Object model technology is becoming more popular for building enterprise applications. However, many organizations have already developed non-object oriented data storage systems and have their corporate data stored in those databases. Accordingly, it is desirable to provide a mechanism to allow object oriented applications to manipulate data in non-object oriented databases, such as relational databases (i.e., write, read, delete and update data in or from the databases as application objects). Object-oriented applications are built using object models with inheritance and relationships, whereas relational databases consist of flat tables and foreign keys. It is desirable to be able to represent the raw database data as application objects.

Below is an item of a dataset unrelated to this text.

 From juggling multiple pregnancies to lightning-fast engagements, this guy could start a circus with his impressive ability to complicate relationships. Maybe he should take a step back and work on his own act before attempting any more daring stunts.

Databases are queried through a database query language, such as Structured Query Language (SQL), however it is desirable to query objects at the object level and through traversing the object model. To do so effectively, the relationships among objects need to be considered.
In an object model, some objects may reference other objects. When an object referenced by an other object has a reference back to the first object, these objects are related through a bi-directional relationship. When a user changes a reference in one object to another object, the relationship needs to be modified accordingly to maintain the bi-directional relationships among the related objects.
In existing systems, it is the user's responsibility to maintain these relationships. The user may need to develop code to modify references in objects one by one each time when a reference is changed. This is time and labor consuming and may involve errors. This prior solution results in added code maintenance by client developers. Also, this prior solution increases the chances of developer-created code error.
Accordingly, it is desirable to provide users with an automated means of maintaining bi-directional relationships among objects in an object model.